Synovectomy, extensor tendon sheath, wrist, single compartment
CPT4 code
Name of the Procedure:
Synovectomy, extensor tendon sheath, wrist, single compartment Common name: Wrist Synovectomy
Summary
A synovectomy involves the surgical removal of the synovial membrane, which lines the joint and tendon sheaths. This specific procedure targets the extensor tendon sheath in a single compartment of the wrist.
Purpose
This procedure addresses conditions such as chronic inflammation, pain, or joint dysfunction due to synovitis (inflammation of the synovial membrane). The goal is to reduce pain, improve joint function, and prevent further damage to the tendons and joint.
Indications
- Persistent wrist pain due to inflammation
- Rheumatoid arthritis
- Synovial cysts
- Non-responsive to conservative treatments (e.g., medication, physical therapy)
- Swelling or decreased range of motion in the wrist
Preparation
- Fasting for 6-8 hours prior to the procedure
- Adjusting medications as advised by the doctor (e.g., stopping blood thinners)
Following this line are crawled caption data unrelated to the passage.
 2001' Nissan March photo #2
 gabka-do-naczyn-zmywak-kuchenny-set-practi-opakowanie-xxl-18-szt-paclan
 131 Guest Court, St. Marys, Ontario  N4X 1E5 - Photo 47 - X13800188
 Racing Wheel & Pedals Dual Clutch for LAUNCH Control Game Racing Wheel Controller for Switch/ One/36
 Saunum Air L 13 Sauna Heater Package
- Pre-operative diagnostic tests such as MRI or ultrasound to assess the extent of the inflammation
Procedure Description
- Anesthesia: Local or regional anesthesia is administered to numb the wrist.
- Incision: A small incision is made over the affected extensor tendon sheath.
- Synovial Membrane Removal: The surgeon carefully removes the inflamed synovial tissue while preserving surrounding structures.
- Closure: The incision is closed with sutures or surgical staples, and a sterile dressing is applied.
Duration
The procedure typically takes about 1 to 2 hours.
Setting
This procedure is usually performed in an outpatient surgical center or hospital operating room.
Personnel
- Orthopedic or hand surgeon
- Surgical nurse
- Anesthesiologist or nurse anesthetist
- Surgical assistant
Risks and Complications
- Infection
- Bleeding
- Stiffness or decreased range of motion
- Nerve damage
- Recurrence of synovitis
- Adverse reactions to anesthesia
Benefits
- Relief from pain and inflammation
- Improved wrist function and mobility
- Reduced risk of tendon damage
- Symptoms may improve within a few weeks to months
Recovery
- Immediate post-procedure care includes keeping the wrist elevated and applying ice to reduce swelling.
- Pain management with prescribed medications.
- Physical therapy may be recommended to restore strength and mobility.
- Return to normal activities generally expected within 4 to 6 weeks.
Alternatives
- Non-surgical treatments: Corticosteroid injections, anti-inflammatory medications, physical therapy
- Other surgical options: Tenosynovectomy (more extensive removal of tendon sheath inflammation)
- Pros and Cons: Non-surgical options may offer temporary relief but may not be sufficient for severe cases. More extensive surgery may offer longer-lasting results but carries higher risks.
Patient Experience
- During the procedure, the patient will be under anesthesia and should not feel pain.
- Mild to moderate pain and discomfort may be felt post-procedure, managed with medication.
- Swelling and stiffness are common and typically resolve with appropriate post-operative care.
By understanding these crucial details, patients can make informed decisions about their healthcare and what to expect during the synovectomy procedure.